For about an hour Rachad drifted into a dreamless sleep. When he awoke, his whole body seemed to be burning.

Blurrily he saw someone come softly down into the dugout and lean over him. His vision cleared somewhat, and he gasped as he recognized a small, slightly monkey-like face, with quiet brown eyes and silky hair.

For a moment he could not speak. He stuttered.

“Master Amschel!”

The alchemist wore light leather armor and a brief, almost superfluous iron helmet. He ran his eyes over Rachad, as if inspecting him, then reached inside his leather hauberk, producing a small phial.

“You’re supposed to be dead!” Rachad protested. “How did you escape from the laboratory—the explosion?”

Amschel ignored the question. “You are dying, my friend,” he said in a dry tone. “Drink this excellent medicine, the true elixir. It will vivify your body, throwing off disease, hastening the healing of even the deepest wounds.”

He must have fled the laboratory in advance of the explosion, Rachad reasoned hazily. He must have hidden somewhere, eventually contriving to leave the Aegis along with the rest of them. But what was he doing in Matello’s army?

Amschel put the neck of the phial to his lips. A thick liquid poured out.

Rachad became immediately absorbed by a taste that was like a golden glow, so vivid he seemed almost to see it. The medicine trickled down his throat with a gentle burning, like the finest liqueur, and as it reached his stomach he felt golden drops of liquid radiance spreading through his body, giving him a feeling of lightness and vigor.

“That’s … wonderful,” he whispered.

Amschel smiled. “It has even been known to revive men thought dead. But I see you have changed your occupation from that of laboratory assistant to that of soldier. Are you no longer seeking the Stone? What did you do with the book I gave you?”

“I left it in the Aegis, Master Amschel. After what happened I decided its information was too dangerous.”

“I see.” Amschel seemed to reflect. “The Stone can make you proof against the Kerek Power—have you not considered that? It could be important, in the times that lie ahead.”

“But we are already holding our own against the Kerek!” Rachad boasted. “The tide has turned—Zhorga says we will have driven them out of Maralia altogether in a few years.”

Amschel smiled. “Perhaps—but for how long? This is only one of the Kerek’s present theaters of conquest. If they fail with Maralia they will simply, in a few years, transfer even greater forces from elsewhere.”
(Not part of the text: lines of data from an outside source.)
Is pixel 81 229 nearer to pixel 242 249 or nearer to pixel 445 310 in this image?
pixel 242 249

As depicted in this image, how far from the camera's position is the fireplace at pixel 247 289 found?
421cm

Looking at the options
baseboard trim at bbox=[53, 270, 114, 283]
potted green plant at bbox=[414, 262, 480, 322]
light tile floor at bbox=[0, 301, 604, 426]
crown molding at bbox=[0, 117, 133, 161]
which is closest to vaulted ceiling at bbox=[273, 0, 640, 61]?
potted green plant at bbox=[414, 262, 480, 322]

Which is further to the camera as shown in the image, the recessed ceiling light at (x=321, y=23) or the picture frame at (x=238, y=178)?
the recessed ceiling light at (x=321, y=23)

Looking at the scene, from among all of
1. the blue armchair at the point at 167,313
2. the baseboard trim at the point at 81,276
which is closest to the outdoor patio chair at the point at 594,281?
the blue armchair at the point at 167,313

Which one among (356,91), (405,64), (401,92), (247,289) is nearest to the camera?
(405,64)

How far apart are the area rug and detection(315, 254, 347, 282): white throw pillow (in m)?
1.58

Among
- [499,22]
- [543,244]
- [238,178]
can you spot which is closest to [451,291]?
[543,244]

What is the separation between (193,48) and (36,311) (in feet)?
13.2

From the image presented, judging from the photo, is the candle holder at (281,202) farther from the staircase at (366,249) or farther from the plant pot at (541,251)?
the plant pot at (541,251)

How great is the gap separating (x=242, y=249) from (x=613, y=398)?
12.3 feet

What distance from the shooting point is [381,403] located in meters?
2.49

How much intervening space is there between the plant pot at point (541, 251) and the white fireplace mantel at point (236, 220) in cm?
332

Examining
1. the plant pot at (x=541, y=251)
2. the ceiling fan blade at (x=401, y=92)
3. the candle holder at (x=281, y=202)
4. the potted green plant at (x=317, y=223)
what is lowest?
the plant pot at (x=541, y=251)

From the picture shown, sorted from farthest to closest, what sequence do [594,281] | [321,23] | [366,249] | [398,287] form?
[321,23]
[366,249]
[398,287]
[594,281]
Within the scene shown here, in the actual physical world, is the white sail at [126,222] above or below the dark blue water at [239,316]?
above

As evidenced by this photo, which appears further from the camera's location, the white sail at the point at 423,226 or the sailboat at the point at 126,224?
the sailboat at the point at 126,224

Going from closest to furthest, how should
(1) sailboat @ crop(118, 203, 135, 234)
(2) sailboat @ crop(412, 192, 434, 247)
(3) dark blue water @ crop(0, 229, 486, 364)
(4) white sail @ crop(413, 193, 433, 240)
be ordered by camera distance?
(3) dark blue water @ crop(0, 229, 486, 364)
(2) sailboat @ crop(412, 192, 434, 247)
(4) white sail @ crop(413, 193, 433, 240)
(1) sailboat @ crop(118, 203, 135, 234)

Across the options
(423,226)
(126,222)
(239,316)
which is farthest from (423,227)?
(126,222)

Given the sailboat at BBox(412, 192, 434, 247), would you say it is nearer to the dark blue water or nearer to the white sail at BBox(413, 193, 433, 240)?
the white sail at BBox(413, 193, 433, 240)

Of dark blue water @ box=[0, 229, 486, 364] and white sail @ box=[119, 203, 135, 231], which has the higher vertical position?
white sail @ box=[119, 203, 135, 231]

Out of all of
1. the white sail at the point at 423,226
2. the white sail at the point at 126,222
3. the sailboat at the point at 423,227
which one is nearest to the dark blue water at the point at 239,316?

“Perhaps we will have greater forces by then,” Rachad said defiantly.

Amschel nodded. “Well, I must be on my way. Rest now. I think you may feel much better in a day or two.”
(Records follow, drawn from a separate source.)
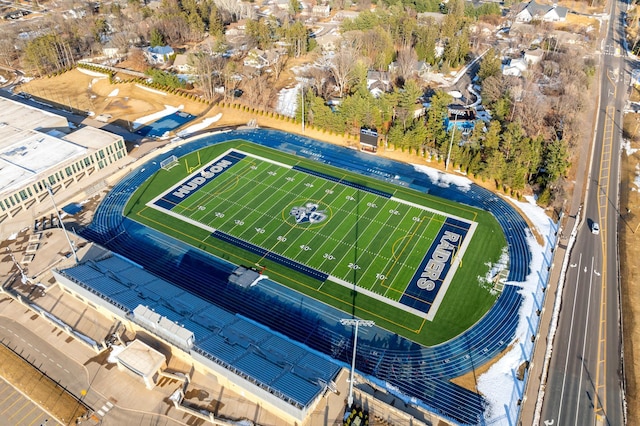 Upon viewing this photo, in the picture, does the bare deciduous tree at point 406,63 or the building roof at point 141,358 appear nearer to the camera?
the building roof at point 141,358

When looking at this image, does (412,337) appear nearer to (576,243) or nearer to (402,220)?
(402,220)

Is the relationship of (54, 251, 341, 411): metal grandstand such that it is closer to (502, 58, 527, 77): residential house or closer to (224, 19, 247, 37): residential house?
(502, 58, 527, 77): residential house

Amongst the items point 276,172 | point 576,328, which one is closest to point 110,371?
point 276,172

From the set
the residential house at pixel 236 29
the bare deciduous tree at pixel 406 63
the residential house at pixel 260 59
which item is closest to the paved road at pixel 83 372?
the residential house at pixel 260 59

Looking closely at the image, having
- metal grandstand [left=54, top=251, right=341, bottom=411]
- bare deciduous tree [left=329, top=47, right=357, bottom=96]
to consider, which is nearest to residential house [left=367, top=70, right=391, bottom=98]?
bare deciduous tree [left=329, top=47, right=357, bottom=96]

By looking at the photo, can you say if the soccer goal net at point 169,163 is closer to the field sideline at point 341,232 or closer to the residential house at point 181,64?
the field sideline at point 341,232

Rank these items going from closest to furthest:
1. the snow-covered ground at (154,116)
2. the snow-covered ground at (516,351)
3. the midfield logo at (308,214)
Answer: the snow-covered ground at (516,351)
the midfield logo at (308,214)
the snow-covered ground at (154,116)

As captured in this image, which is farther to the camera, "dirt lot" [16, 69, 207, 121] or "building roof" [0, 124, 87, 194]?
"dirt lot" [16, 69, 207, 121] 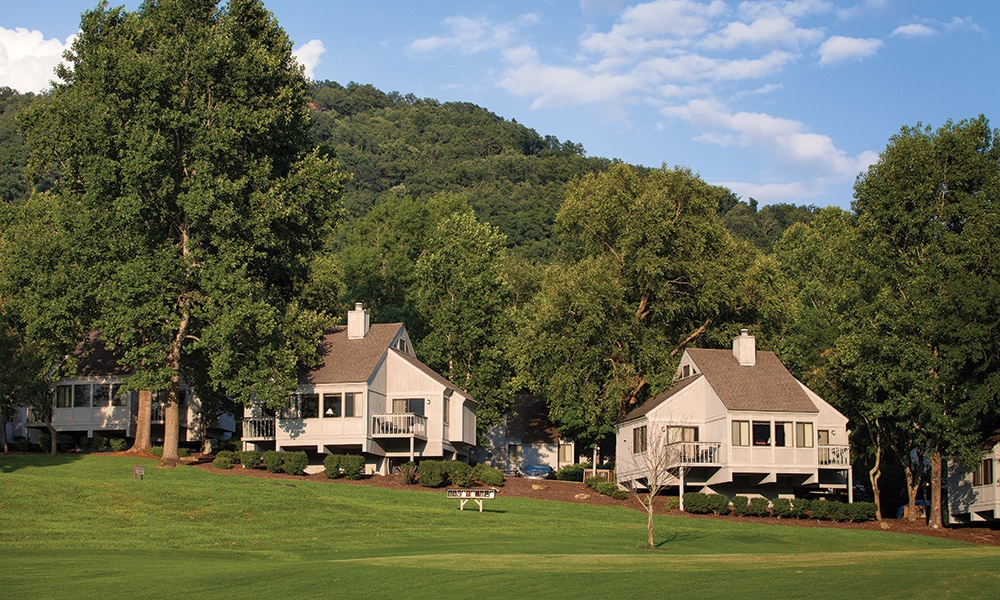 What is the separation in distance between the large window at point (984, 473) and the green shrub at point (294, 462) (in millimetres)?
28315

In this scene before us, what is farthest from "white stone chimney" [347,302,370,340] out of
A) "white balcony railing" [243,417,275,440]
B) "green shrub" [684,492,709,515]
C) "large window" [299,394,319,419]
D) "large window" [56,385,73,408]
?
"green shrub" [684,492,709,515]

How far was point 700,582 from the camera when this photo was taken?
2330cm

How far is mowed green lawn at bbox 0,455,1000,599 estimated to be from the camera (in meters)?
22.3

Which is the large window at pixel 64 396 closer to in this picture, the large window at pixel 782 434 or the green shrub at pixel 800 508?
the large window at pixel 782 434

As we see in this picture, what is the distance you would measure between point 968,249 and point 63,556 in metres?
34.6

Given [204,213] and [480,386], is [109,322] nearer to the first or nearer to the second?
[204,213]

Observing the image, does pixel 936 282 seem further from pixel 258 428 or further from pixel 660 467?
pixel 258 428

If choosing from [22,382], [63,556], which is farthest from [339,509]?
[22,382]

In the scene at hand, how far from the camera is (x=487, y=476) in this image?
4775 centimetres

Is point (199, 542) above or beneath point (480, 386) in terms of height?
beneath

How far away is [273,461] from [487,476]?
9.14m

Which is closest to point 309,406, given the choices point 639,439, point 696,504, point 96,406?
point 96,406

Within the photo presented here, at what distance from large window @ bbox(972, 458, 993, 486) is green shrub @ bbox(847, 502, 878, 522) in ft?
18.3

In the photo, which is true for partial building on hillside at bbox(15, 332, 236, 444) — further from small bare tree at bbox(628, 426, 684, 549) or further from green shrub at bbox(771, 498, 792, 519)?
green shrub at bbox(771, 498, 792, 519)
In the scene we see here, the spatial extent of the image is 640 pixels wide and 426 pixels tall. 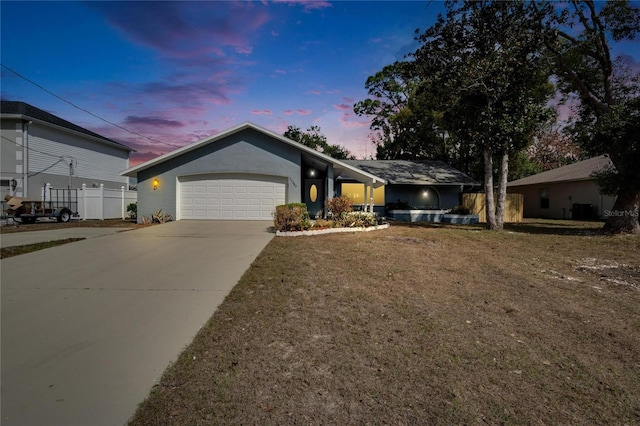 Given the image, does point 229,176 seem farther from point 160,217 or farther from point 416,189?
point 416,189

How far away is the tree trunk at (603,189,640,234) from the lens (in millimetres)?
12617

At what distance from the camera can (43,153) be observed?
19938 millimetres

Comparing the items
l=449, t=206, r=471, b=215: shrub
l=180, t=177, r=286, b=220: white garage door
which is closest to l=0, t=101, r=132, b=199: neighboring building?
l=180, t=177, r=286, b=220: white garage door

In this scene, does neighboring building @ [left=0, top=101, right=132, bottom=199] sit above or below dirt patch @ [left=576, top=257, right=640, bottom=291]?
above

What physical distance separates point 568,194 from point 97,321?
2824 centimetres

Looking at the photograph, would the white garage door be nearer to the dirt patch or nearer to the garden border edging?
the garden border edging

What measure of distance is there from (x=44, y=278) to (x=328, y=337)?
5.59 metres

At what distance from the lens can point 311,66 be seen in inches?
516

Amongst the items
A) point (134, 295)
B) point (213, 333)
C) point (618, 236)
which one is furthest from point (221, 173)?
point (618, 236)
“Wait!” called Rachad as he saw Amschel disappearing over the lip of the dugout. He struggled up and, holding his middle with one arm, crawled up after him—an exercise that only minutes before he would have found impossible.

Ahead, he saw the dismal landscape that covered most of the planet: great flat mist-covered marshes, interspersed with hillocks and ridges of firmer ground, out of which grew drooping violet trees.
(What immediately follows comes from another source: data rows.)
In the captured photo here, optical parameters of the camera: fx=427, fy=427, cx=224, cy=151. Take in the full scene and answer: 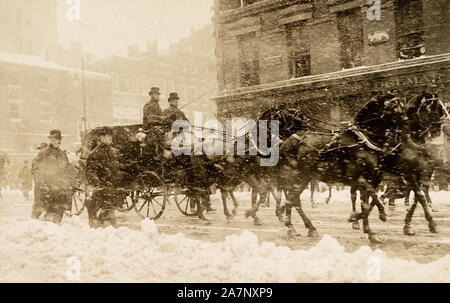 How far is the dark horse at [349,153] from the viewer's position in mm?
6980

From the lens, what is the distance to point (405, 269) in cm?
457

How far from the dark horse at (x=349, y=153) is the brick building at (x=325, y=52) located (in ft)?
Answer: 24.1

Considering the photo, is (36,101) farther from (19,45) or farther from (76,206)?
(19,45)

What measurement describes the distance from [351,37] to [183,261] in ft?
42.6

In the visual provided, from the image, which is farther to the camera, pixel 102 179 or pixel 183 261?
pixel 102 179

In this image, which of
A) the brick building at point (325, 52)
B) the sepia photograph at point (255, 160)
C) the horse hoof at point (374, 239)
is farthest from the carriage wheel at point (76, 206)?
the brick building at point (325, 52)

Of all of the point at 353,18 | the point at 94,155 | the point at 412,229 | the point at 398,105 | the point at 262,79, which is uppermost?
the point at 353,18

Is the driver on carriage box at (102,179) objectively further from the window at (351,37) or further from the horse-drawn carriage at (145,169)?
the window at (351,37)

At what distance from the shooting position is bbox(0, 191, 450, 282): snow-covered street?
459cm

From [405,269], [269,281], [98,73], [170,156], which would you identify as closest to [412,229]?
[405,269]

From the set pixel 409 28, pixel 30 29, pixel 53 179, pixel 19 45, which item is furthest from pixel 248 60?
pixel 19 45

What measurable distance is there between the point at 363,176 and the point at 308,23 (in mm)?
11091

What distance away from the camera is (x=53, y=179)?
8.70 metres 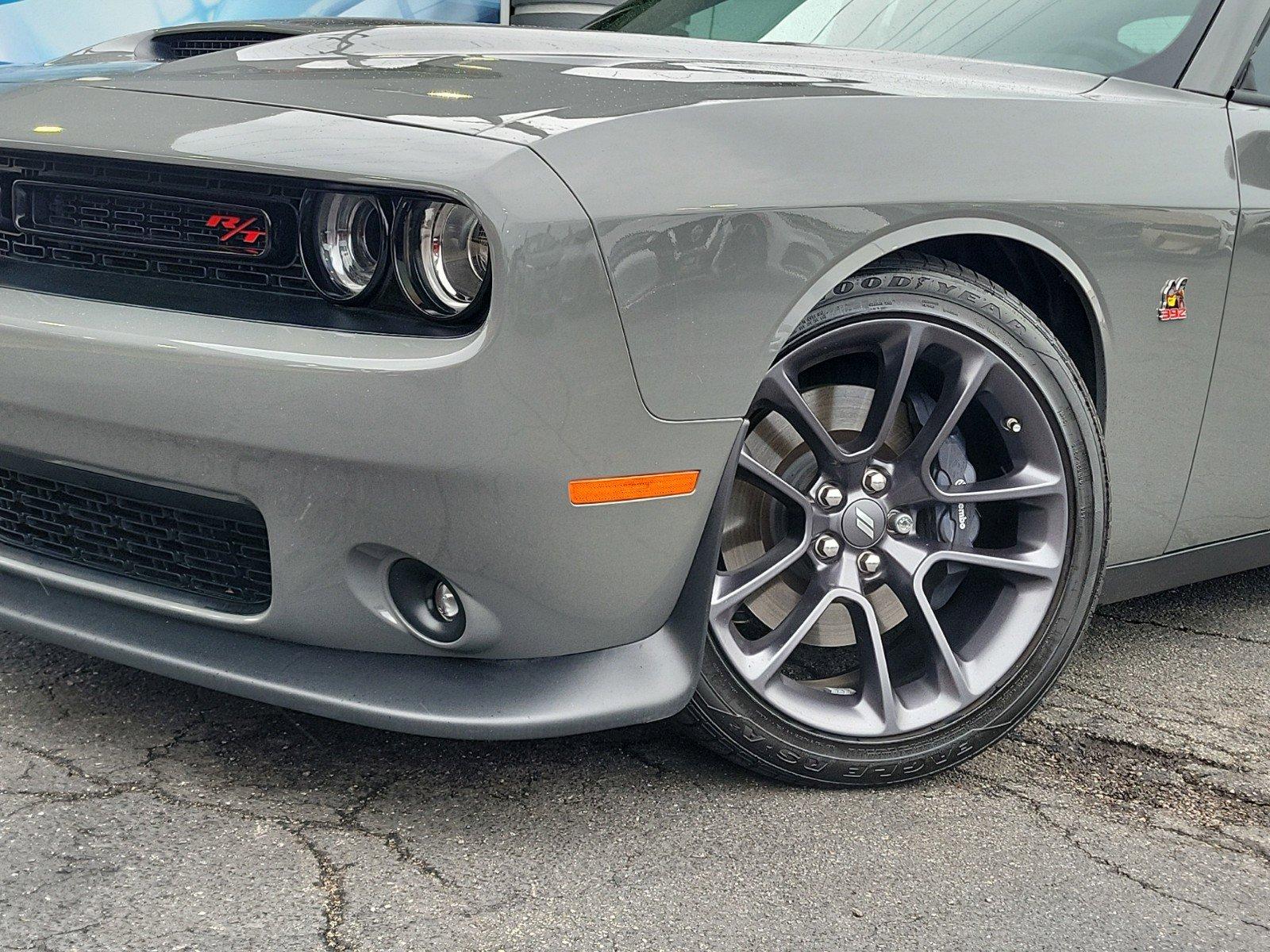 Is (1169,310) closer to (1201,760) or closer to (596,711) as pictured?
(1201,760)

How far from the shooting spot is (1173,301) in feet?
7.26

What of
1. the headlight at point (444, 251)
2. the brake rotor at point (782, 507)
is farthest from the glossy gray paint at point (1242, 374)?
the headlight at point (444, 251)

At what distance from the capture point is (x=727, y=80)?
1971 millimetres

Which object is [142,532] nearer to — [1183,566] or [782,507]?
[782,507]

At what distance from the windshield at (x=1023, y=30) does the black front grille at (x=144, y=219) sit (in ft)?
3.70

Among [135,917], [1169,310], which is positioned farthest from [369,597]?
[1169,310]

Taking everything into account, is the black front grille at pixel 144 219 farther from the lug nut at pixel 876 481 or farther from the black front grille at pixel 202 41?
the lug nut at pixel 876 481

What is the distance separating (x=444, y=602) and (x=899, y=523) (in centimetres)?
74

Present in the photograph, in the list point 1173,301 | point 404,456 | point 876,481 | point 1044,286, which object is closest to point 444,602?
point 404,456

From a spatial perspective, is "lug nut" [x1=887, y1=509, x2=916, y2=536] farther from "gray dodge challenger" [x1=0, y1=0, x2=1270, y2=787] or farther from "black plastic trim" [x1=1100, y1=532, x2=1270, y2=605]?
"black plastic trim" [x1=1100, y1=532, x2=1270, y2=605]

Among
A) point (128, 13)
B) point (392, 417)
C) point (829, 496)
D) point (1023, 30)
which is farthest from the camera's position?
point (128, 13)

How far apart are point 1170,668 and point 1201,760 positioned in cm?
46

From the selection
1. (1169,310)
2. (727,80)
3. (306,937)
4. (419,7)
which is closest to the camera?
(306,937)

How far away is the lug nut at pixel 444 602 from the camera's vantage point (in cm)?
184
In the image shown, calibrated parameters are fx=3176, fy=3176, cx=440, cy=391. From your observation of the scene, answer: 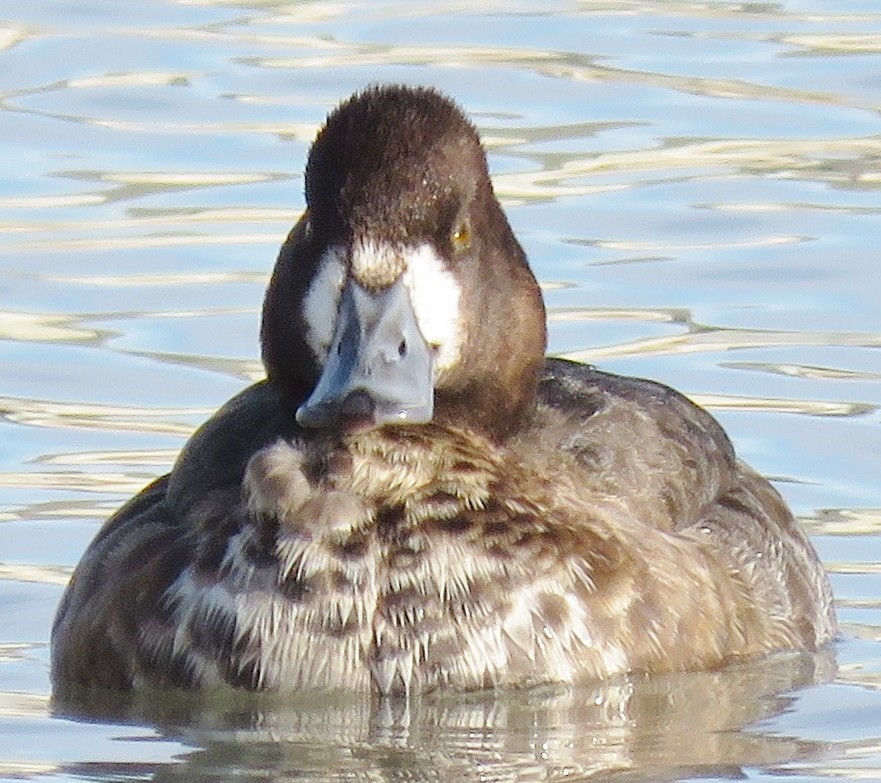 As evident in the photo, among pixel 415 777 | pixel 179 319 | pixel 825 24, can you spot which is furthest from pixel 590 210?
pixel 415 777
Amschel’s stooped figure was picking its way along one of these ridges. It was then that the Kerek sally came, as it did every hour or so. This time it was not a flock of flying sickles or disks, but a brief barrage of bombard shot. Rachad uttered a loud cry, the exertion tearing painfully at his stitches, as a ball exploded near the alchemist.

Even from where he lay, he could see that Amschel was practically ripped apart. Like a rag doll the alchemist’s body, whether living or dead, was flung off the causeway-like ridge. Rachad crawled toward the spot, careless of any hurt to himself now, but already Amschel’s remains were sinking into the wet bog, disappearing with a slurping, gurgling sound while Rachad looked on with horror.

He closed his eyes, overcome with nausea. War, he thought. This was what war meant.